What the task requires: Taking the line with "White apple flowers" as the first and the line with "Destination Vinyl ltd" as the last, set down exactly every line in that range from the entries below, and no more.

Record excerpts:
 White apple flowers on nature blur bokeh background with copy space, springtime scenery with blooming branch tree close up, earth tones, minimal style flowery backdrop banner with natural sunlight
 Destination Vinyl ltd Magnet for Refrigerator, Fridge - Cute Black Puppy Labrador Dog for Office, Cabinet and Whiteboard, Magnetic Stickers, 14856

...

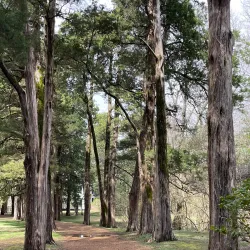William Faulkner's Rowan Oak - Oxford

Reply:
 White apple flowers on nature blur bokeh background with copy space, springtime scenery with blooming branch tree close up, earth tones, minimal style flowery backdrop banner with natural sunlight
 Destination Vinyl ltd Magnet for Refrigerator, Fridge - Cute Black Puppy Labrador Dog for Office, Cabinet and Whiteboard, Magnetic Stickers, 14856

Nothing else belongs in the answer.